Best Practices

Tuning false positives, runbook for active attacks, origin protection, compliance, common pitfalls, scaling

Best Practices

The operational realities of running WAF, DDoS, and bot management without losing legitimate customers.

Tune Before You Block

The cardinal rule: start in log/detection-only mode. Every WAF you adopt, every managed rule set, every custom rule — first runs as "would-have-blocked" not "blocks."

Process:

Enable in Log/Count mode.
Watch for 1-2 weeks during normal traffic.
Identify false positives — review every "would have blocked" against legitimate user traffic.
Add exceptions for the false positives.
Switch to Block mode.
Monitor — false positive reports from users come in for weeks; iterate.

Skipping step 1 is how you accidentally block your CEO from logging in on a Friday night.

Runbook: Active DDoS

When the alarm goes off:

# DDoS Response Runbook

## Detection signals
- Origin bandwidth saturated
- Edge provider notifies of ongoing attack
- Spike in 5xx errors with normal app metrics
- Sudden spike in unique IPs

## Step 1: Confirm and triage
- Check edge provider dashboard (Cloudflare Analytics, AWS Shield)
- Classify: L3/L4 volumetric?
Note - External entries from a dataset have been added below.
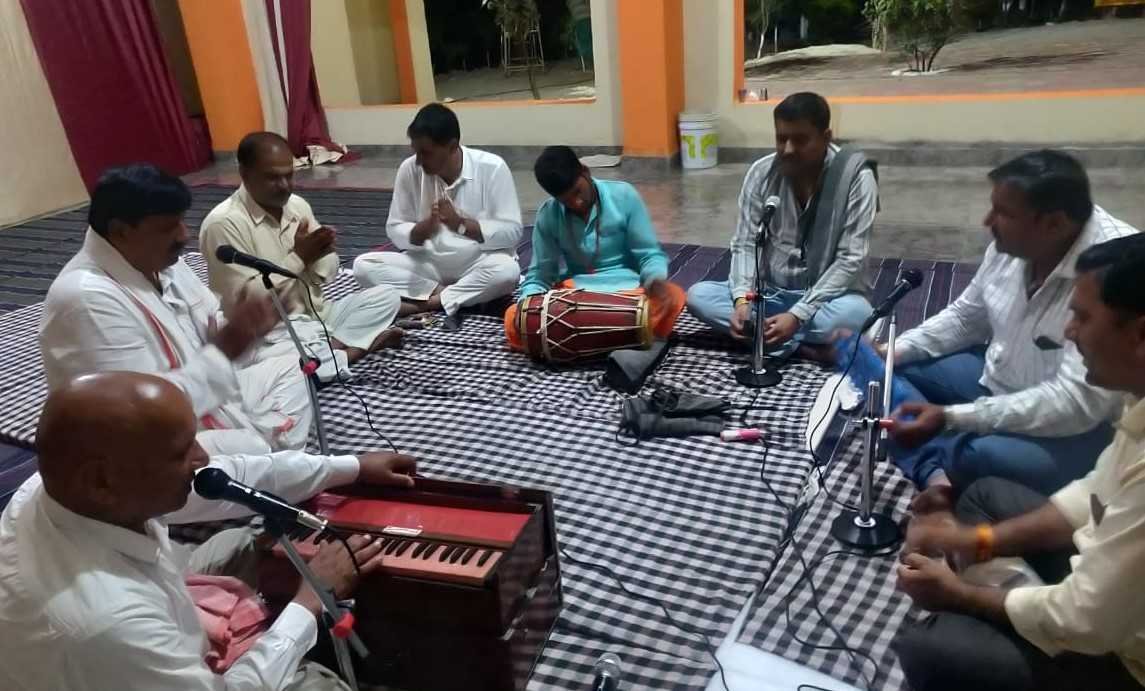 प्राचीन शंकर मंदिर में अखंड राम नाम जाप संकीर्तन जारी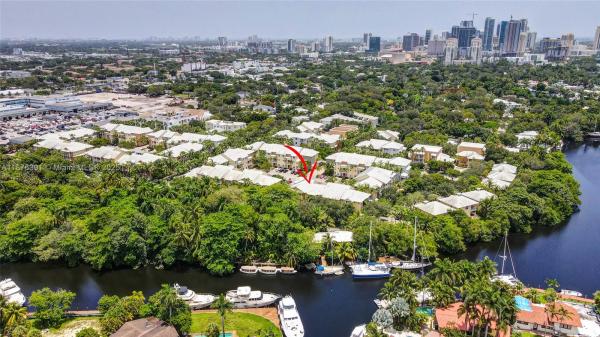 VILLAGE AT SAILBOAT BEND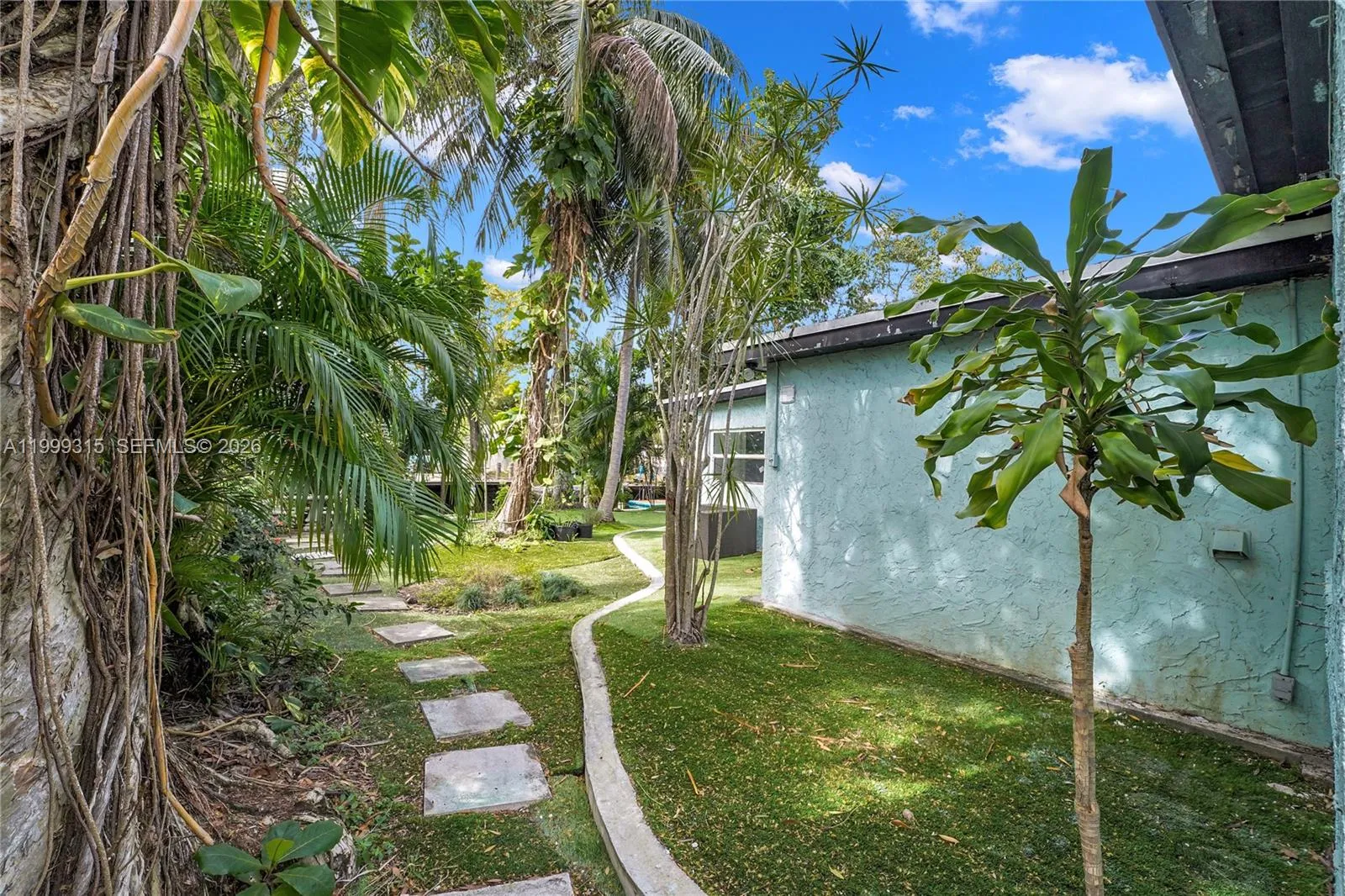 1137 Sw 8th Ave, Fort Lauderdale, Florida 33315, Fort Lauderdale, Florida 33315, 2 Bedrooms Bedrooms, ,2 BathroomsBathrooms,Residential Lease,For Rent,1137 Sw 8th Ave, Fort Lauderdale, Florida 33315,A11999315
L7 application? Mixed?
- Is the origin affected (yes = current defenses inadequate)?

## Step 2: Mitigate
- L3/L4: edge provider should be absorbing — confirm scrubbing engaged
- L7: enable "I'm Under Attack" mode (Cloudflare) or tighten rate limits
- Geo-block if attack pattern is clearly from specific countries
- Engage provider's incident response (Shield Advanced, Cloudflare Enterprise SRT)

## Step 3: Communicate
- Status page update
- Internal Slack #incident channel
- If customer-impacting: customer-facing comm via support / status

## Step 4: Adjust + sustain
- Add custom rules targeting attack signature
- Increase capacity at origin (autoscale)
- Monitor for evolution of attack pattern

## Step 5: Post-attack
- Postmortem
- Were our defenses adequate?
- Add lasting rules for future similar attacks
- Update threat model

The first time you face an attack, you'll appreciate having pre-written this. The on-call's job is to follow steps, not invent procedures at 3 AM.

Origin Protection: Verify It

Test that attackers can't bypass your edge:

# What does the origin look like from outside?
dig +short app.your-domain.com
# Should resolve to Cloudflare/CloudFront IPs

# Try to find the real origin via certificate transparency logs
crt.sh -d your-domain.com  # check for leaked origin certs

# Try common patterns for origin hostnames
for sub in origin direct backend api-direct; do
  dig +short $sub.your-domain.com
done

# Scan for the origin IP in your AWS / GCP / Azure ranges
# (your security team likely has tooling for this)

Common leaks:

DNS records for origin.example.com resolve directly to the origin
Email server (MX records) on same IP as web origin
Old TLS certs from before edge protection include the origin's hostname
Subdomain takeovers expose origin

Audit quarterly. Origin protection bypassed is WAF defeated.

False Positive Management

Every WAF generates them. Process:

User reports: support ticket says "I can't submit the form." First check: WAF logs. Was the request blocked?
Block-rate alarm: sudden spike in blocks for a specific rule = either an attack or a new false positive
Per-rule monitoring: rules that block more than X% of traffic get reviewed weekly

Add allowlist exceptions surgically:

# Bad: too broad
Allow if user_agent contains "Mozilla"

# Better: scope to known good traffic
Allow if ip.src in $known_partner_ips AND http.request.uri.path eq "/api/webhook"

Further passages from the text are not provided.